The findings have implications for healthcare providers. Firstly, women’s awareness is not enough, as even women who were aware of risks related childbirth preferred a mode of delivery associated with risks. Secondly, every opportunity should be used to change women’s negative perceptions and empower women make right choices about pregnancy and childbirth. Some women choose the mode of delivery when they are uninformed of the risks of the mode, without appreciating risks, safety or benefits. Thirdly, healthcare providers should discourage caesarean section on request, as many mothers are not aware of inherent risks. If after discussion the patient maintains a request for caesarean delivery, doctors may only make perform caesarean section when they have ascertained that patients understand the risks and benefits of the decision made. Information on risks and benefit markedly influences decision-making for mode of delivery, and should be given with care. For women with a prior caesarean delivery, failure to deliver vaginally might be experienced as a “significant loss” [25] . In contrast, women might prefer an elective caesarean delivery if informed of potential risk of vaginal birth, particularly after caesarean delivery, and thereby refuse a trial of labor or trial of scar even where they are indicated [26] . Likewise, preference for caesarean section may contribute to high caesarean section rates of questionable indications among low risk women, if patients’ autonomy is the priority [2] [3] [9] [26] . Such scenario may eventually lead to inequity whereby women with clear indications for caesarean section fail to access the services [2] [3] [9] [26] . Caesarean sections of questionable indications contribute to unnecessary operations that drain resources for women who absolutely need the service, thereby contributing to inequity [27] [28] . Since caesarean requests arise from fear of childbirth, health workers should address factors that contribute to such fear of childbirth [29] [30] . Health workers should agree on patients’ preference with caution [29] . Mothers are often not adequately involved in decision-making during intrapartum care [29] -[31] and often find it difficult to make informed decision for mode of delivery [32] [33] .

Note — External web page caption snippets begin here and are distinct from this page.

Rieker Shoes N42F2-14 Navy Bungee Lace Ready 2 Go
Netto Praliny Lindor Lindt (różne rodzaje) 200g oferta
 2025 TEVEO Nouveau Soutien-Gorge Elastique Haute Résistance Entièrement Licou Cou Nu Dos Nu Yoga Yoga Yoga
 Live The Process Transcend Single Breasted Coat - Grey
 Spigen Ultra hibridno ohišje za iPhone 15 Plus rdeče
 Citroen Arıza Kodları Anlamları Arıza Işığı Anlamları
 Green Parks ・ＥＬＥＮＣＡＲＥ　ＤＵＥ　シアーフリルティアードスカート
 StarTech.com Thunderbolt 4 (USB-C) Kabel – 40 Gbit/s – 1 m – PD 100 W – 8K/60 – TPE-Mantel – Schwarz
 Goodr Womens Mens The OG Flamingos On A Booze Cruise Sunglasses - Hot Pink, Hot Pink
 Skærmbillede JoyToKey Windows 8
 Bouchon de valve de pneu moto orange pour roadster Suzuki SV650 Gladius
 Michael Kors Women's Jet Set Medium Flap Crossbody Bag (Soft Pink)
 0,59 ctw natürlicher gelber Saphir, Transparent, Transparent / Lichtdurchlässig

The study’s limitations arise from the limitations of the theory of planned behaviour. The theory assumes that individuals have opportunities and resources to enable successful performance of the desired behaviour (choice of mode of delivery), regardless of the intention. The theory fails to address variables that factor into behavioral intention and motivation (threats, past experience or mood). Though normative influences are assessed, the theory does fully assess environmental or economic factors that influence one’s intention to execute a behavior. Lastly, decision-making is not a linear process, but can change over time.

5. Conclusion

In conclusion, women may make decisions on a mode of delivery that is not commensurate with risks or benefits. Healthcare providers should discuss with them risks and benefits of various birth options to enable them to make appropriate decisions.

Acknowledgements

This study was part of a post-doctoral research funded by SIDA through the Makerere University-Karolinska Institutet postdoctoral research grants.

Authors’ Contributions

DKK conceptualized the study as part of his post-doctoral research project. OK, MOO, and NK advised on the design. DKK collected the data, led the analysis, and wrote the text of the paper. All the co-authors gave advice on the data analysis, presentation of the results. All co-authors reviewed and edited the text and approved the final manuscript.

NOTES

*Corresponding author.

Conflicts of Interest

The authors declare no conflicts of interest.